At the RIT Center for MAGIC (Media, Arts, Games, Interaction and Creativity), we talk a lot about making things. Well, more correctly we make a lot of things and occasionally talk about them – we’re probably guilty of focusing more on making than on examining the how and why we do so.
A little while ago I was cleaning our house and I found a piece of homework debris my son had stuffed in a backpack. It looked like this:
I was somewhat intrigued, because (a) I like to make things, (b) I was curious as to his intentions in making this, and (c) it was colorful. What I discovered was that he gets a sheet like this quite often, with three random words on it. He’s learning his letters, and his ‘job’ is to copy the word in the boxes below. The idea, one might suppose, is to spend enough time writing various letters and combinations that they become familiar and/or habit. It’s the 10,000 hours theory applied to letters.
So every day or two there’s another sheet, more words, more letters. OK. I asked him about the colors. He told me the colors are there to make it more fun and so it looks pretty. I asked him about the words and he stared at me blankly for a bit. I asked again “what do the words mean?” He knew all of the words, but had to stop and think about it – the frame he was operating in for that assignment, letters, didn’t have any context for the words. It wasn’t about words. It was about letters.
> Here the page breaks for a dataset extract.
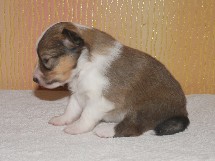 puppies
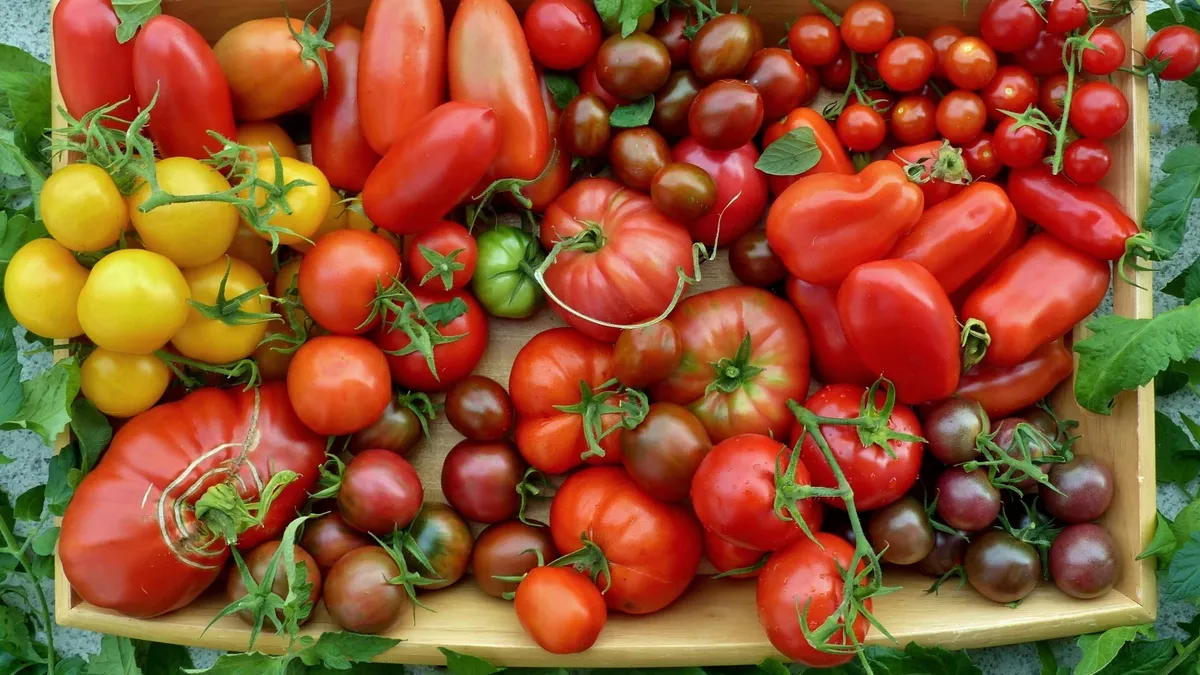 Когда сажать помидоры на рассаду в 2023: лунный календарь на февраль и март – благоприятные и неблагоприятные дни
More ironically, I found a bunch of the other sheets and they are largely nonsensical as sentences. There’s clearly a program at work that randomly spits words across a page for students to copy, probably ensuring that every letter gets used so often or some such. I don’t know. What I do know is that this particular sheet, or this particular teacher, is either brilliant and subversive, or this is one a truly masterful piece of art arising from random chance.
You see, I know my son. I asked him whether he liked the letters assignment (he didn’t) and what he felt he was getting out of it (blank stare). About the same time, I caught him making letters out of Lego. “See, this side is slanted. This side is curved. This part connects these other parts.” He still struggles with the motor-dexterity of creating the letters, and probably will for a while. But he doesn’t struggle with the patterns of the letters themselves, or their meaning – he reads grade levels beyond his age. For him, thinking of letters as constructed objects with meaning was critical.
What if we learned about language not by learning a complex (and in American English somewhat arbitrary and convoluted) ruleset through memorization and practice, but by creating languages and studying patterns? We have the tools to do this at our fingertips – but we don’t.